A Decision tree is a supervised machine learning algorithm that is very popular because of its logic of the predictions. Most of the boosting algorithms are built based on decision trees. A decision tree is a tree-like algorithm that starts with a root node all the way to the leaves which are the output values. On each node, the model decides about the splitting of the dataset and forms a tree-like structure. The accuracy of the model is defined by many factors and one of them is the depth of the decision tree. We will explore the depth of the decision tree and will see how it affects the accuracy of the model.
Formation of Decision Tree
Before going to understand what is the depth of the decision tree, we need to understand the decision trees themselves and the formation of the decision tree. A Decision tree is a machine learning algorithm, that is used for both classification and regression problems. One thing to note is that it is a supervised machine learning algorithm which means it takes the training dataset to understand the relation between input and output variables and the prediction based on the input values.
A simple decision tree looks like this:
If you are interested in learning how to visualize decision trees, then go to the article about visualization of decision trees.
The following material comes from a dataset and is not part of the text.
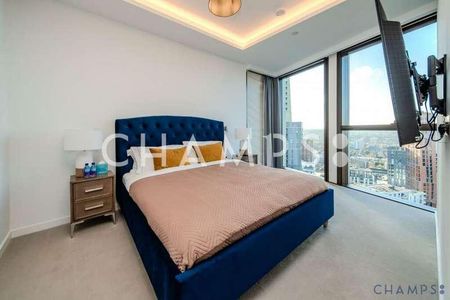 Thames City, SW8 - Photo 4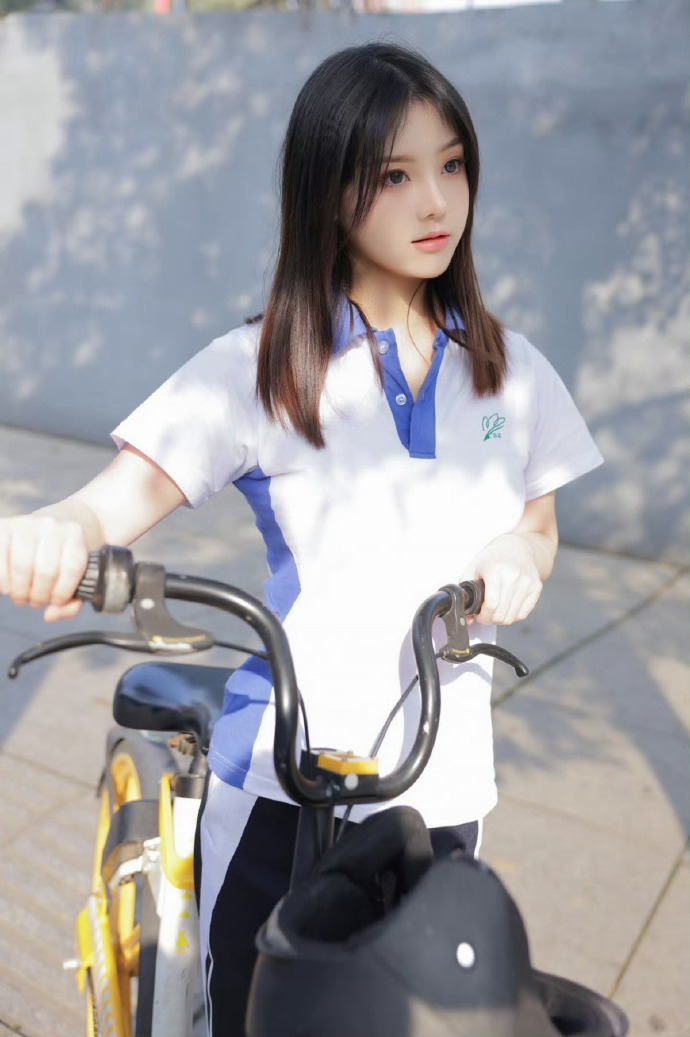 迷失东京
What is the Depth of the Decision Tree
The depth of the Decision tree is the total number of layers in the tree. In other words, a decision tree with depth one will have one node and then leaves. A decision tree with depth 2 will have one extra layer in between the root node and leaves making it a total of two. A simple definition of the depth of the decision tree is the length of the longest path from a root to a leaf.
In the Sklearn module, the max_depth parameter is used to set the value for the depth of the decision tree. If this value is not set to a specific value, then the tree will be formed until all leaves are pure.
What are the Other Parameters of the Decision Tree?
A decision tree has various parameters that all contribute to making it one of the best decision-making algorithms. Here is a list of all the possible parameters that a decision tree takes.
- Tree instance
- The number of outputs
- Max features
- Class weight
- min impurity
- max-leaf node
- random state
- min weight fraction in leaf
- min sample in leaf
- min sample in the split
- max depth
Decision trees are supposed to be one of the most important and fundamental algorithms in machine learning as they are the foundation of boosting algorithms. The decision trees have given birth to many important models like random forests, extra tree regressors, and boosting algorithms. Here we learned one of the parameters of the decision tree known as the depth of the tree.